Have you read the reviews for this product on www.amazon.co.uk ??

What some blokes are prepared to do to please a lady


----------



## Penquin (Oct 15, 2007)

Your link only goes to Amazon UK

try this one which should take you right to the heart of the matter, the reviews are brilliant......

Veet Men's Hair Removal Cream

Enjoy,

Dave


----------



## bognormike (May 10, 2005)

Now that's a link worth putting up! 
Seen it before, but the write-ups still bring tears to my eyes, and not just because I was laughing so much! 
It could have been one of Pusser's little mishaps..... :lol:


----------



## rosalan (Aug 24, 2009)

It could still be better than those hair removing sticky strips :lol: :lol: :lol: 

I have made a note in my summer diary!

Alan


----------



## aldra (Jul 2, 2009)

where is the hair you are removing Alan????
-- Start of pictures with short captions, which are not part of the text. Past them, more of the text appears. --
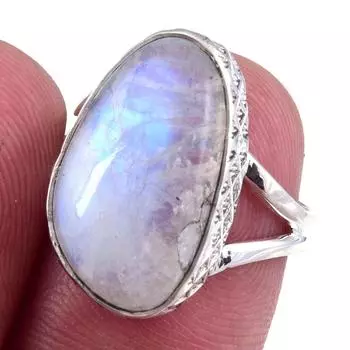Natural Rainbow Moon Stone Gemstone Handmade 925 Sterling Silver Ring S.6 F3e79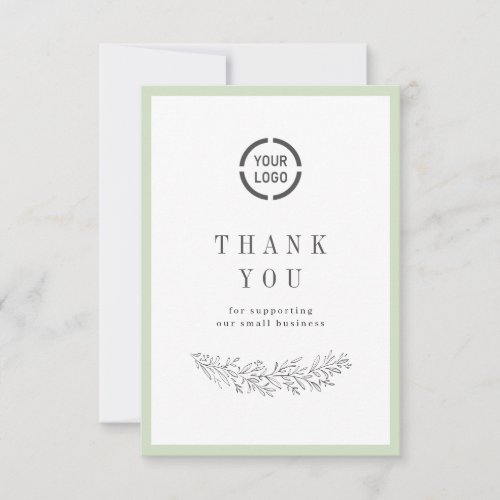Sage elegant botanical with logo small business thank you card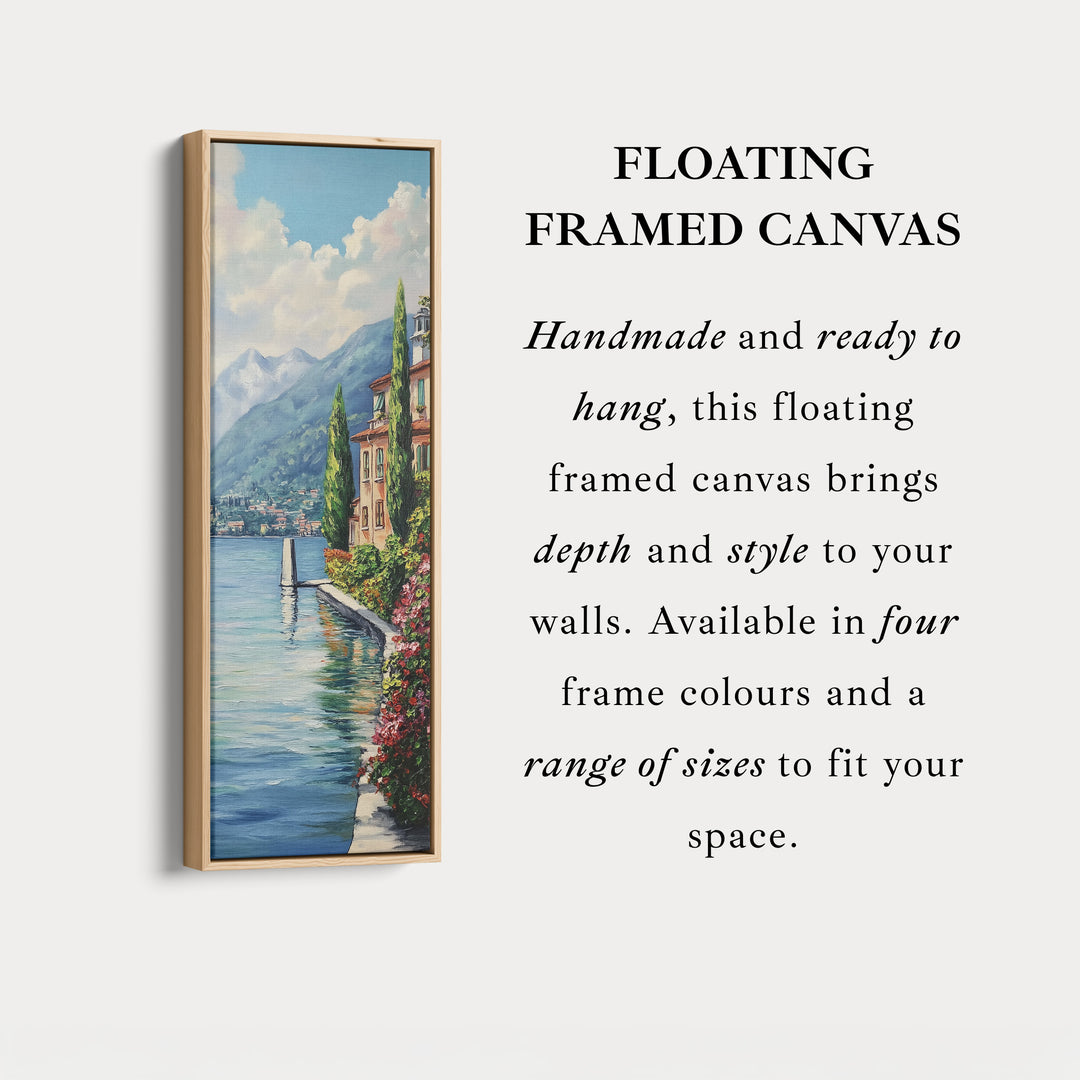 Lake Como Vertical Tall Wall Art Large Framed Canvas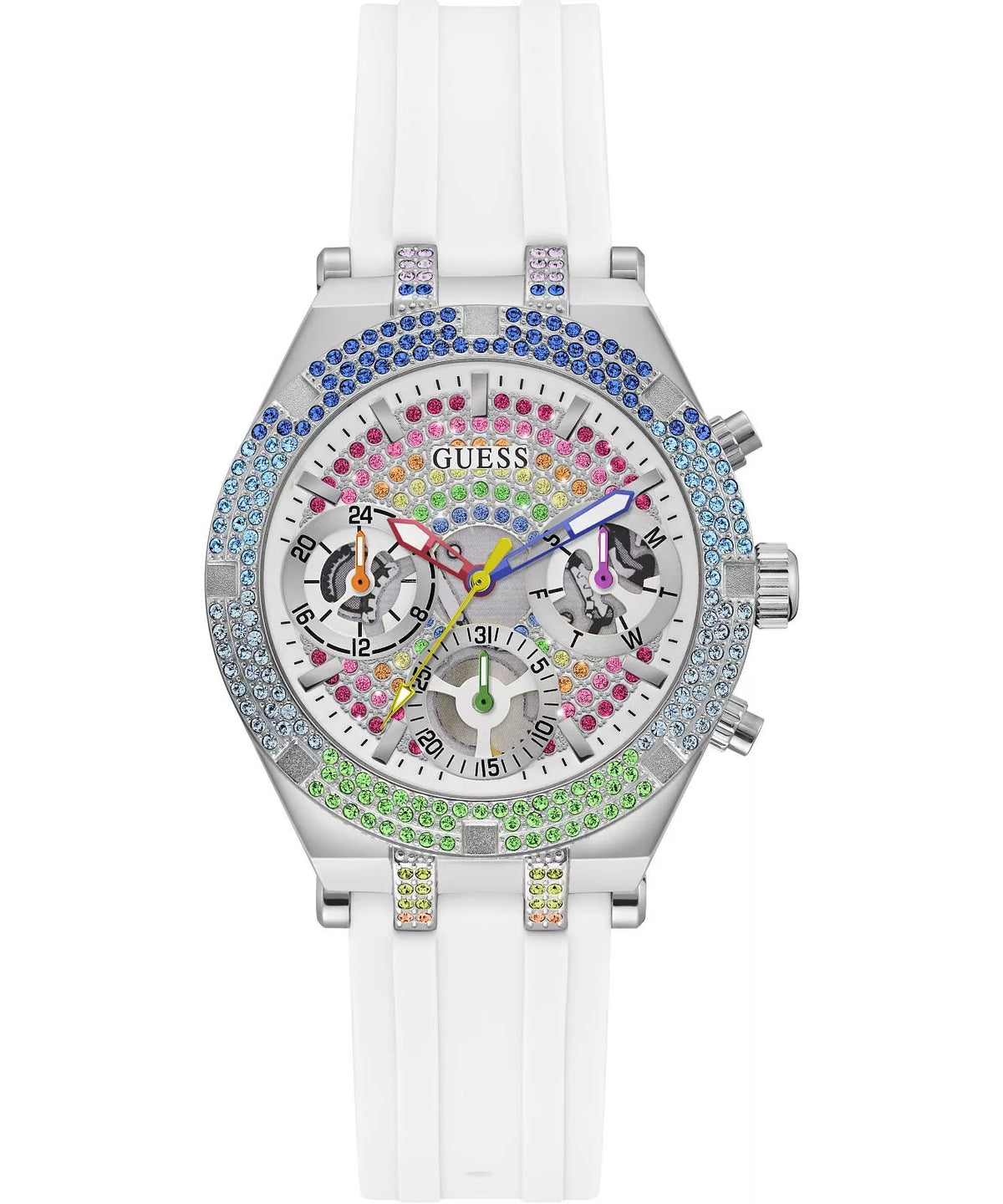 Guess GW0407L4 38mm ladies watch with crystal-embellished bezel and white strap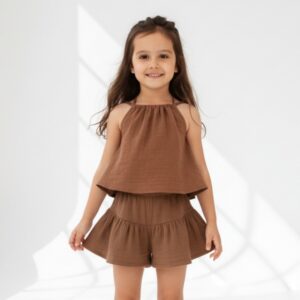 Kız Çocuk İp Askılı Crop & Pileli Müslin Şort Takımı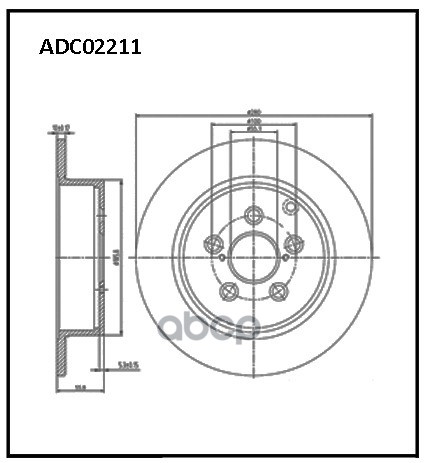 Диск тормозной задний Toyota Avensis 03-08 ALLIED NIPPON арт. adc02211
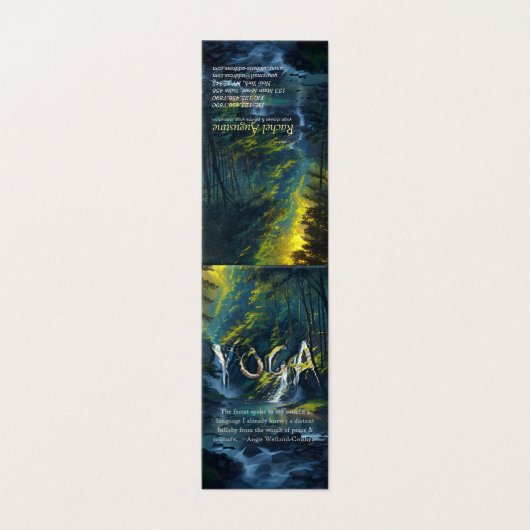 Natuur Forest YOGA Verborgen Tekst Reiki Master Qu Visitekaartje (Buitenkant ongevouwen)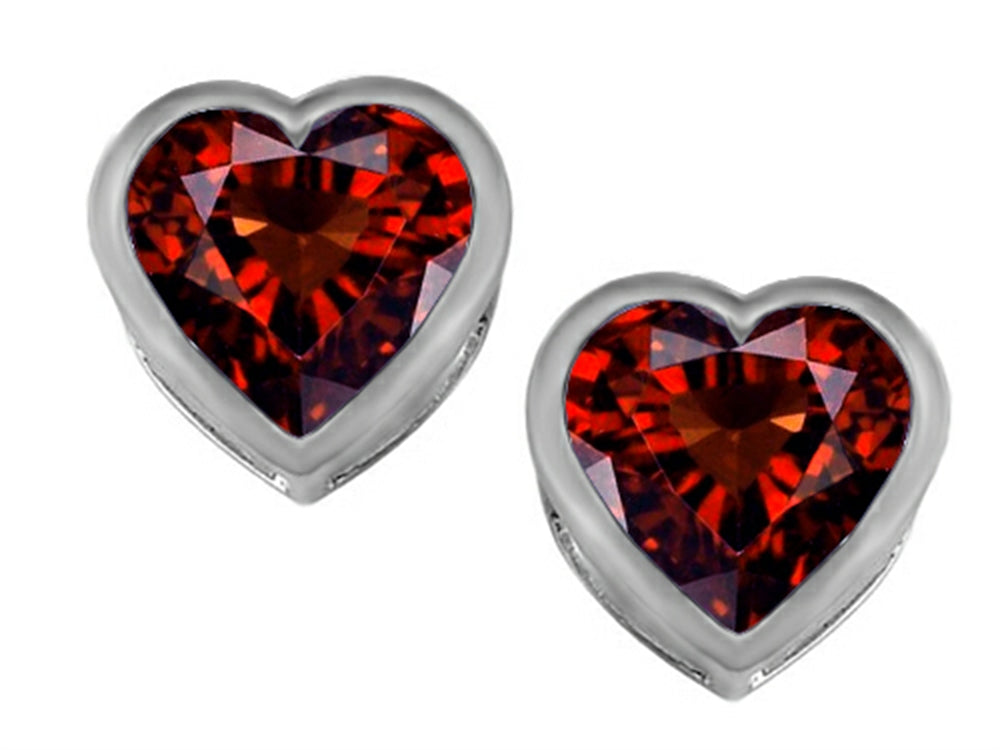 Star K 7mm Heart Shape Simulated Garnet Heart Earrings Studs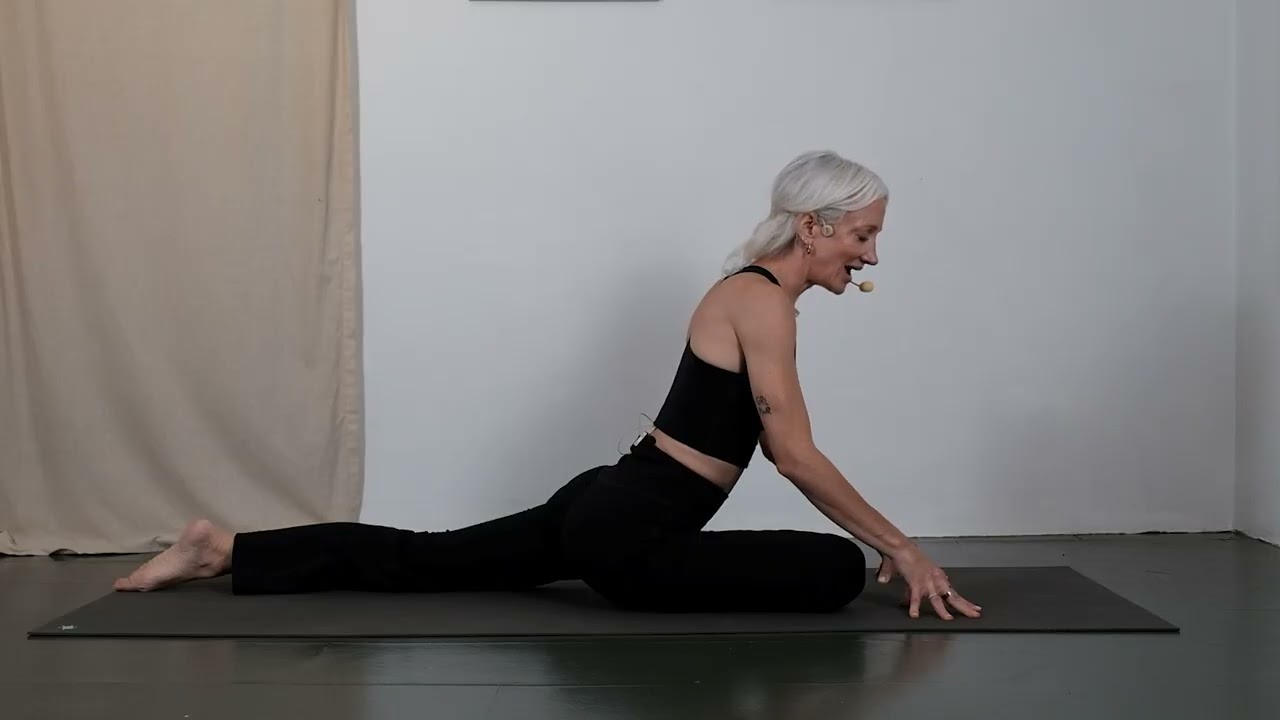 Yoga pidgeon pose for opening the hips and sciatica relief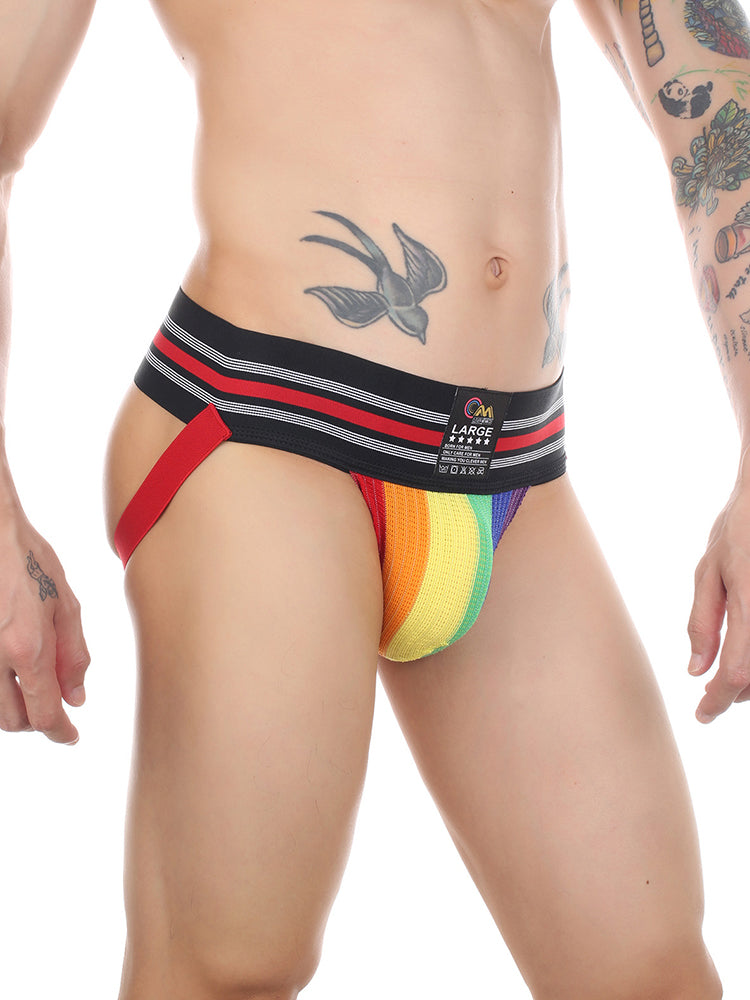 2 Pack Men's Supportive Fit Comfy Waistband Anti-Chafing Stretch Jockstrap | dmunderwear detail image 13
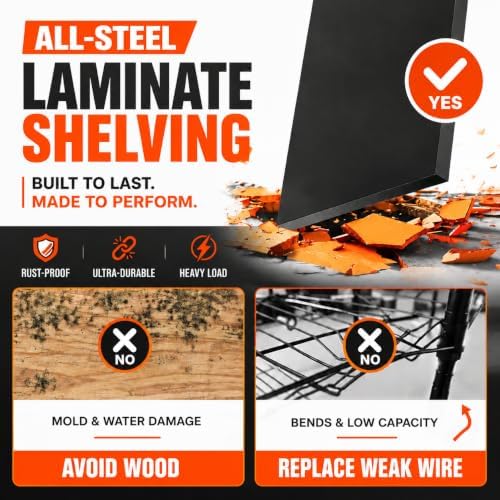 PRESTELION Garage Shelving 3000 LBS Adjustable Metal Storage Shelves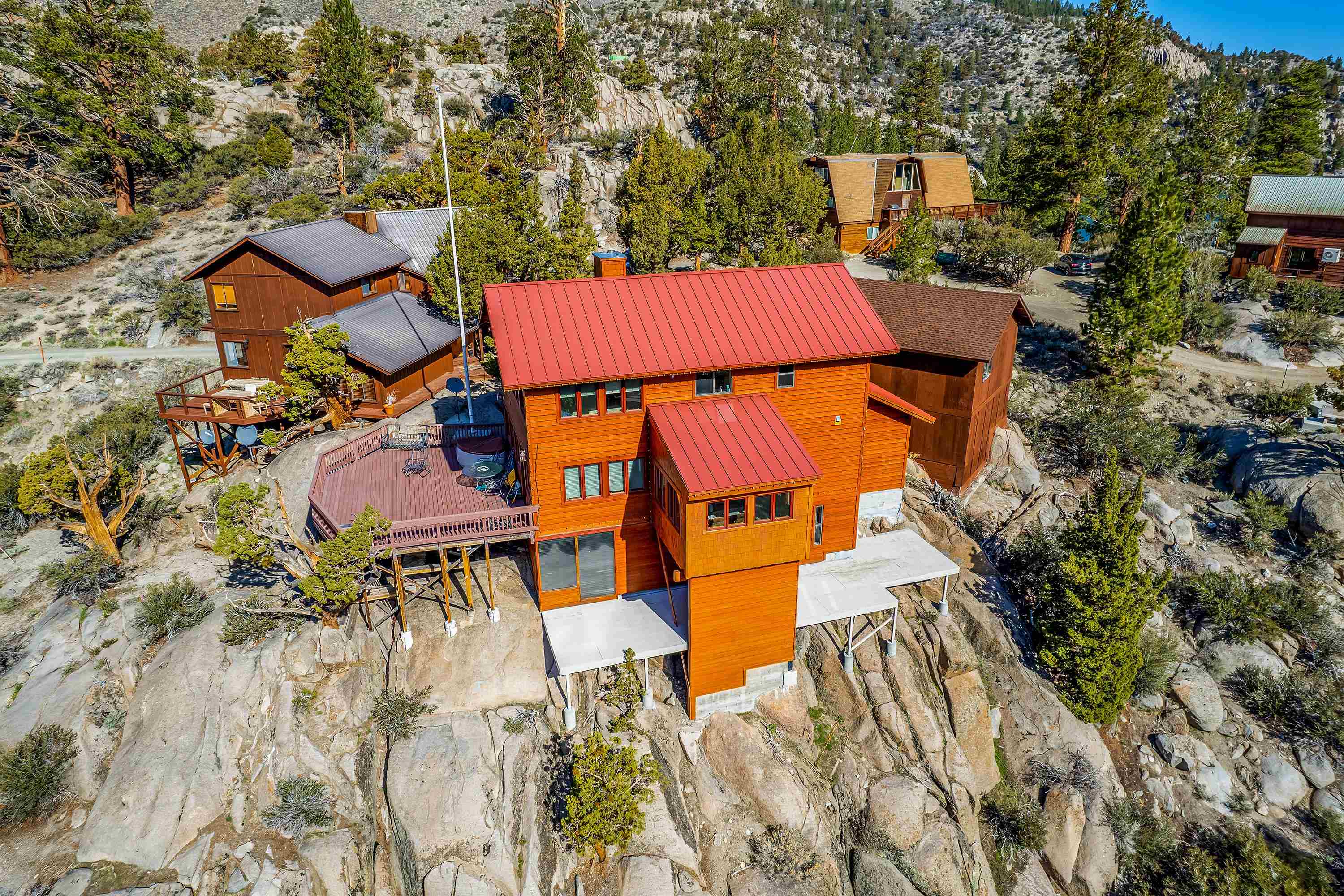 214 Skyline Road June Lake, CA 93529 - Photo 38 of 39 an aerial view of a house with swimming pool and outdoor seating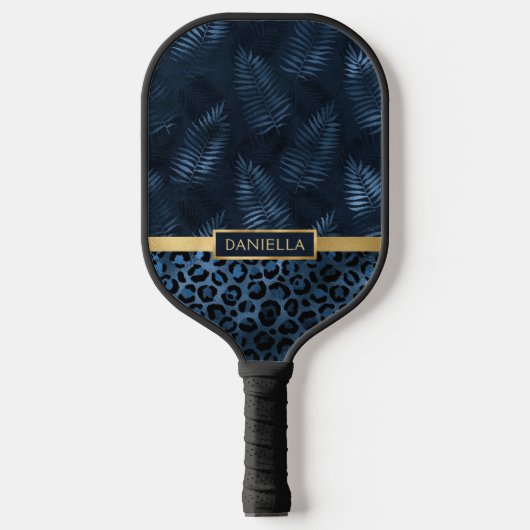 Raquette De Pickleball Personalized Blue Leopard Print Tropical Floral (Recto)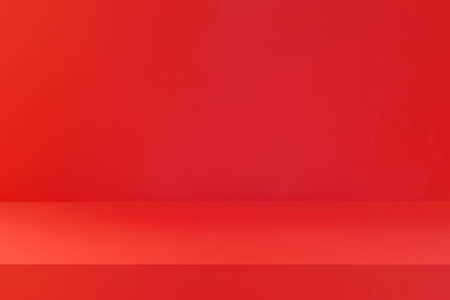Red studio background. 3d rendering.の写真素材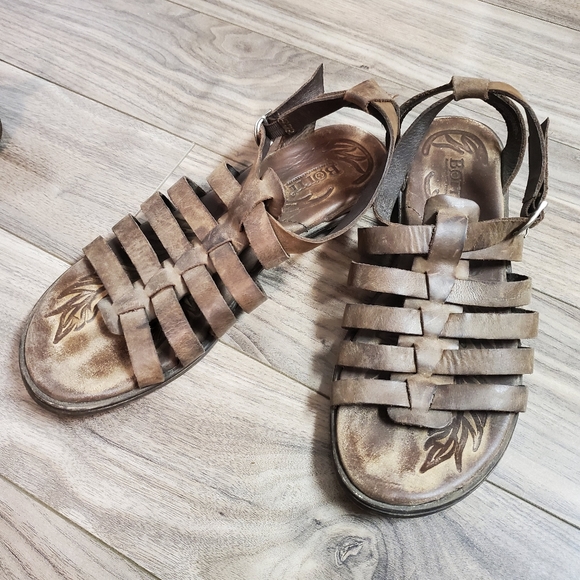 Distressed Leather Gladiator Sandals - Picture 2 of 5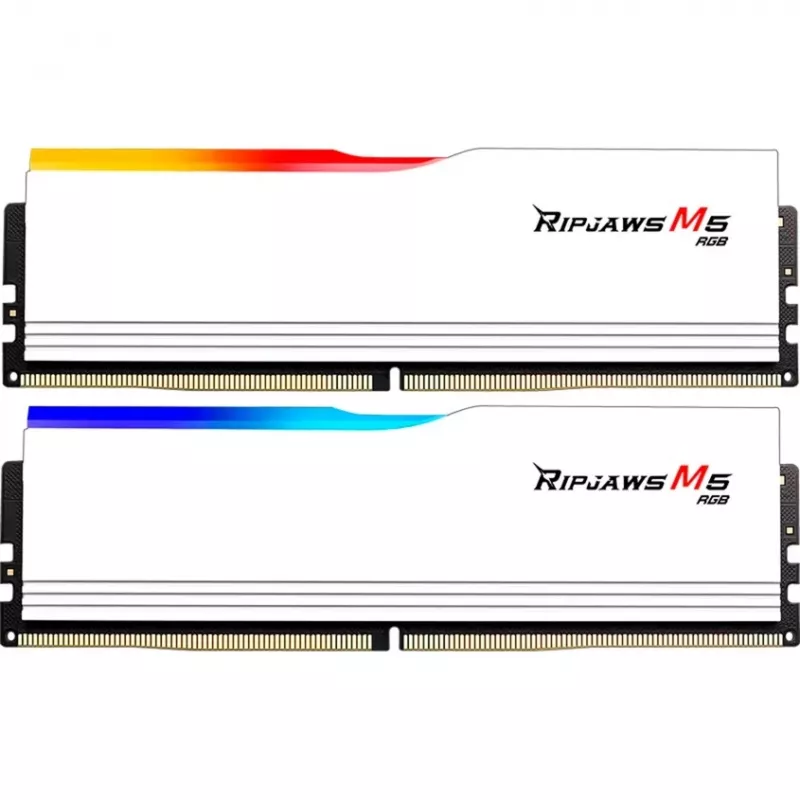 DIMM 64 GB DDR5-6000 (2x 32 GB) Dual-Kit, memória branca, F5-6000J3040G32GX2-RM5RW, Ripjaws M5 RGB, INTEL XMP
personally I like bit of MAN hair :lol: :lol: 

aldra :lol:


----------



## bognormike (May 10, 2005)

maybe he's going for a brazilian? 8)


----------



## rosalan (Aug 24, 2009)

It keeps getting trapped in the door as it closes Sandra

Alan


----------



## aldra (Jul 2, 2009)

Opps painful :lol: 

it's awhile since Alberts got trapped in the door :lol: :lol: 

Ah well memories :lol: 

Aldra


----------



## rosalan (Aug 24, 2009)

:lol: :lol: :lol: :lol: :lol: :lol: :lol: :lol: 

Alan


----------



## Kaytutt (Feb 5, 2013)

8O


----------



## barryd (May 9, 2008)

aldra said:


> personally I like bit of MAN hair :lol: :lol:
> 
> aldra :lol:


Ill cancel that back, crack and sack wax tomorrow then shall I? 8O


----------



## rosalan (Aug 24, 2009)

Nah' go for it. A woman likes nothing better than a man in pain.
Anyhow, I'd like you to test the process out for me. I'm a bit of a Nancy when it comes to pain myself.

Alan


----------



## Pudsey_Bear (Sep 25, 2008)

No way José, I like my hair just where it is, could do wiv more on me bonce though, getting a bit chilly up there.


----------



## Kev1 (Apr 4, 2011)

Wow
Just nearly died laughing
Sue was rolling with laughter as well
Brilliant write ups


----------



## Matchlock (Jun 26, 2010)

Here is another Amazon product with good reviews

http://tinyurl.com/nprlvto


----------



## rosalan (Aug 24, 2009)

Amazon seemingly has hidden depths!

Alan


----------



## listerdiesel (Aug 3, 2012)

Seen those Veet reviews before, but I've been sat here in tears of laughter after only the first three, I daren't look at any more!

Peter


----------